In addition to the already-mentioned Anatolii Kvasiuk, leader of the workshop, Lesia Obukhovych and Ukraine’s leading specialists, Pavlo Petrushak and Anastasia Chaban, are working on the restoration of the Volyn icons. Some of the restoration work on old icons is undertaken in the churches themselves. Thus, last year, Petrushak and Chaban completed the restoration of an icon of the Mother of God Hodigitria at the St. Elias Church in Kamen-Kashyrskyi. The icon had been repainted in the 18th century and her robe was characteristic of the Uniate period. When, upon agreement with the priest and community, the restorers removed the newer paint, a beautiful example of early-16th century monumental Volyn iconography (1.7 by 2 meters) was revealed. New discoveries are expected from future work on another icon, Christ the Pantocrator, from the same church. It is no longer surprising that a different subject might be hidden under re-paintings. The discovery of an icon of St. Paraskeva in the style of the 1630 painter under a late-18th century St. Michael the Archangel in arms was a memorable example. In the same way, a St. George icon by Iov Kondzelevych turned out to have been painted over an older icon of St. Basil. Now, therefore, the restorers, having learned not to trust what they see, make x-ray photographs of the icons at first, to find out whether older paintings could be hidden in them.
There are several resources for the museum to use to add new works to its stock. First of all, there are scholarly expeditions (22 in the period of 1997 through 2003). These expeditions research churches by authorization of eparchial authorities of the Ukrainian Orthodox churches of the Kyivan as well as Moscow patriarchates. It should be said that the museum has a full picture of what icons are kept in the churches, thanks to descriptions of the 1980s, and all valuable objects from that time on have been counted and registered, so any change can easily be discovered. Many of these icons are no longer used in religious services, and the communities painlessly give them over to the museum. In this way, a 16th-century icon of St. George, for instance, was found in the bell tower of the village of Holoby, Kovel district. This is the oldest depiction of the saint, whose cult spread throughout the region, because of Prince Volodymyr Vasylkovych, who had a Church of St. George built in Liuboml in the 13th century. The icon was restored by Iryna Melnyk, a Lviv-based professional. The money for the restoration was provided by Bishop Nyfont of the Ukrainian Orthodox Church – Moscow Patriarchate. Another dramatic instance took place in the village of Mateiky, Manevychi district, where old icons of the apostles were nailed to the wall in the attic. When the restorers started taking the icons down, wood crumbled. The scholars had doubts as to whether the icons could be saved. Only later did it turn out, to their relief, that the woodworm only destroyed the one, “plain” board that the icons were affixed to.

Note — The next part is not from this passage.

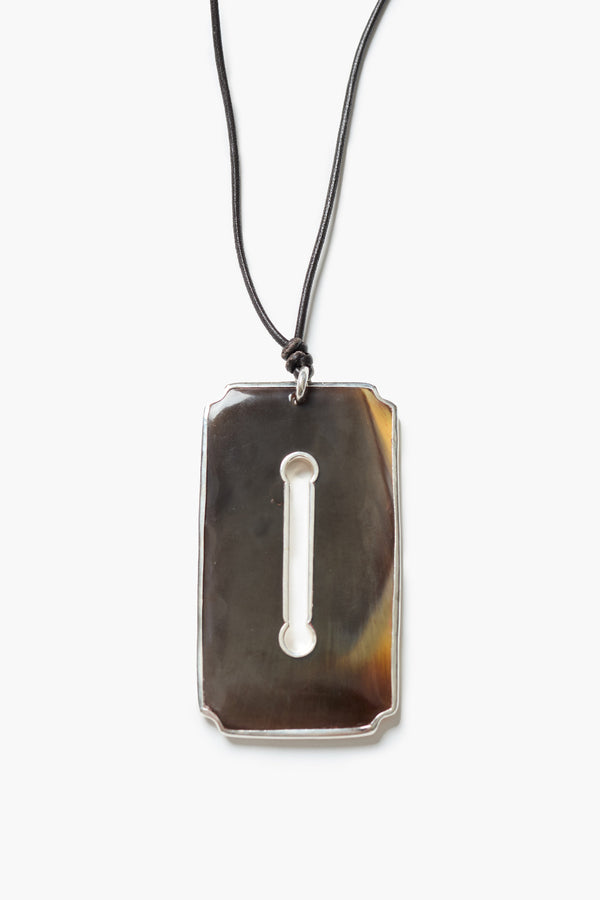 Padlock Cord Necklace Brown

Sacred objects are added to museum not only as a result of expeditions or as gifts (like the icon of the Kholm Mother of God, donated by Nadia Horlytska, a well-known Volyn civic activist). Volyn customs have repeatedly given the museum icons taken from smugglers (usually examples of Russian iconography of the 18th and 19th centuries). A collection of 330 icons was put together as a result, and a “Resurrection to Ascension” exhibition was based on it. A collection of icons from Gospel covers was formed the same way. The icons feature interesting gold and silver incrustations in classical and rococo styles, and original subjects, such as “Weep Not for Me, O Mother,” “The Joy of All Afflicted,” “The Softening of Evil Hearts,” and “The Three Persons of God.” According to Tetiana Yeliseyeva, director of the museum, “these icons are not typical for Ukrainian iconography. They started appearing in Russia, in the late 18th and early 19th centuries, but after the Third Partition of Poland, when Volyn territories were included into the Russian Empire, these icons are found in our churches. It is difficult to establish whether religious objects taken at the border were bought or stolen. Experience tells us that icons in many churches are unfortunately not counted, registered and photographed, as is the practice in Poland.”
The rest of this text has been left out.